◆ Exercise:
Omit the pictures while printing every entry below exactly as given.

(Data records)
......

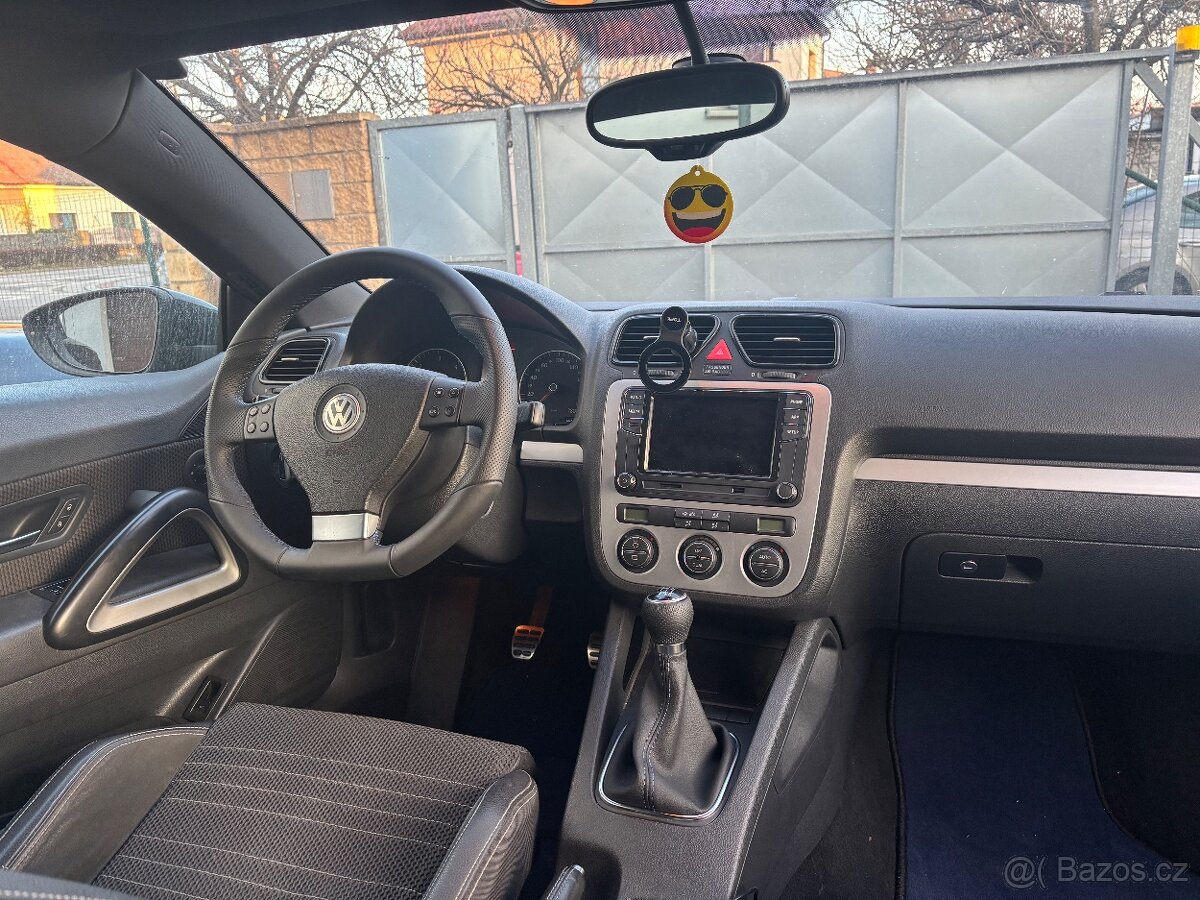 Prodám VW Scirocco 2.0 TDI 103 kW - 5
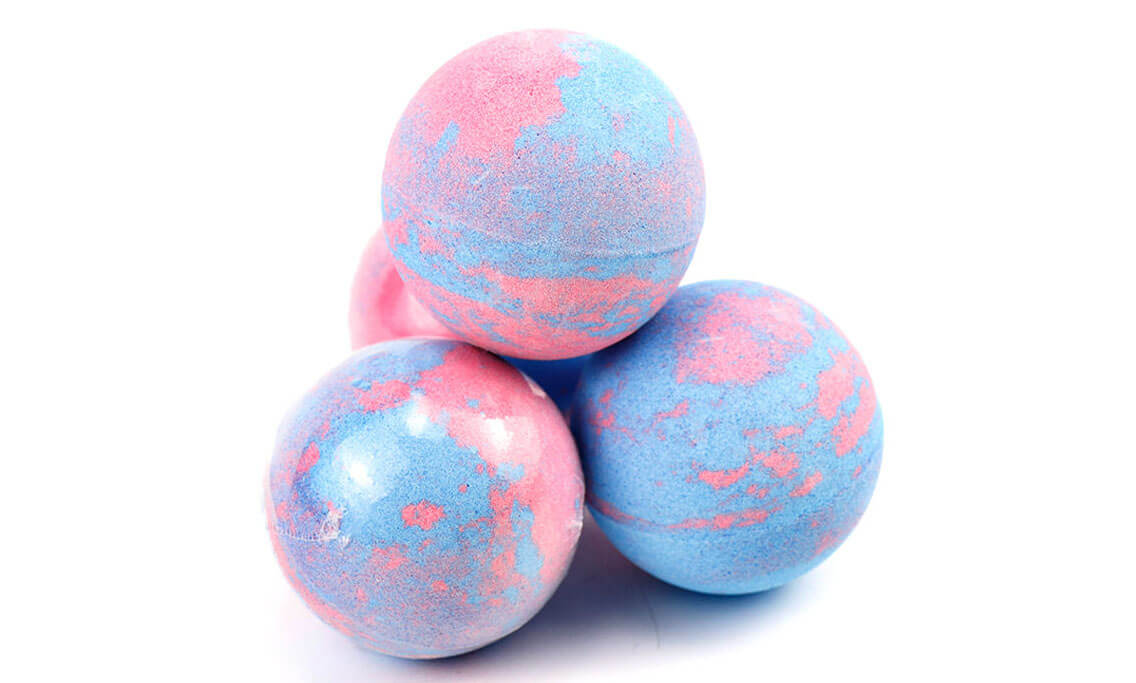 Ball Bath Bombs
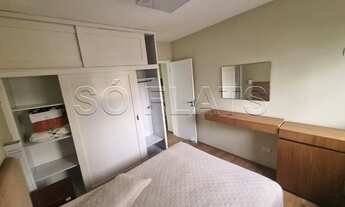 Imagem 6: Flat The Plaza nos Jardins próximo a Av. Brigadeiro e Av. Paulista para locação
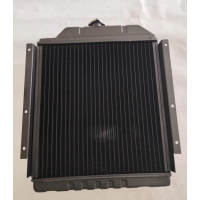 7700047576,Chłodnica wody Renault Ceres, Cergos, Ergos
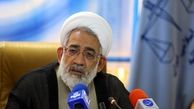 دادستان کل کشور:‌ در صدد اصلح قانون مبارزه با مواد مخدر هستیم 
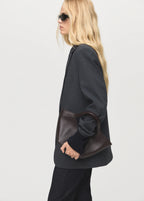 Straight Jacket With Flap Pockets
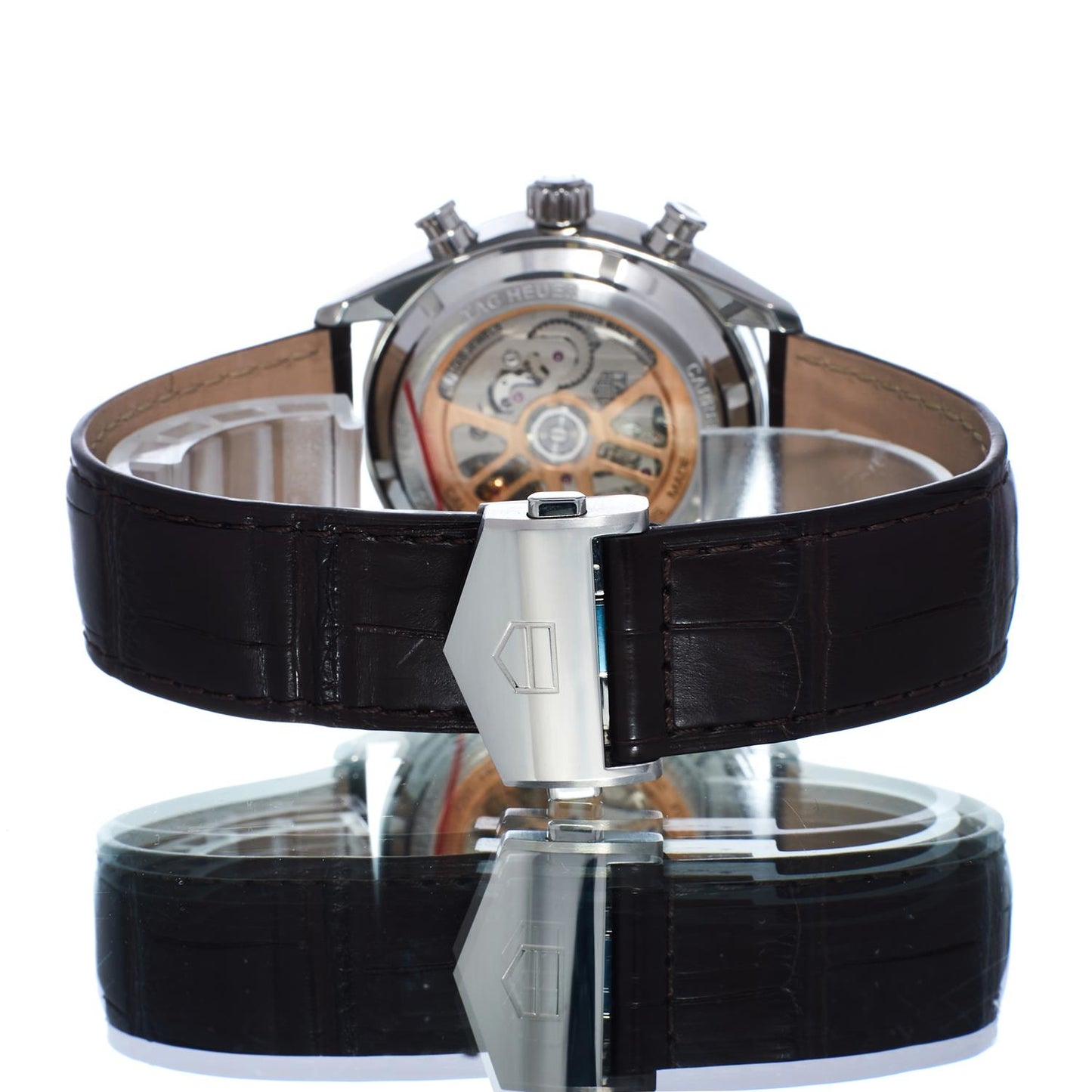 Pre-Owned Tag Heuer Carrera Chronograph CBN2012.FC6483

......

◆ The completed task:
 Prodám VW Scirocco 2.0 TDI 103 kW - 5
 Ball Bath Bombs
 Imagem 6: Flat The Plaza nos Jardins próximo a Av. Brigadeiro e Av. Paulista para locação
 7700047576,Chłodnica wody Renault Ceres, Cergos, Ergos
 دادستان کل کشور:‌ در صدد اصلح قانون مبارزه با مواد مخدر هستیم 
 Straight Jacket With Flap Pockets
 Pre-Owned Tag Heuer Carrera Chronograph CBN2012.FC6483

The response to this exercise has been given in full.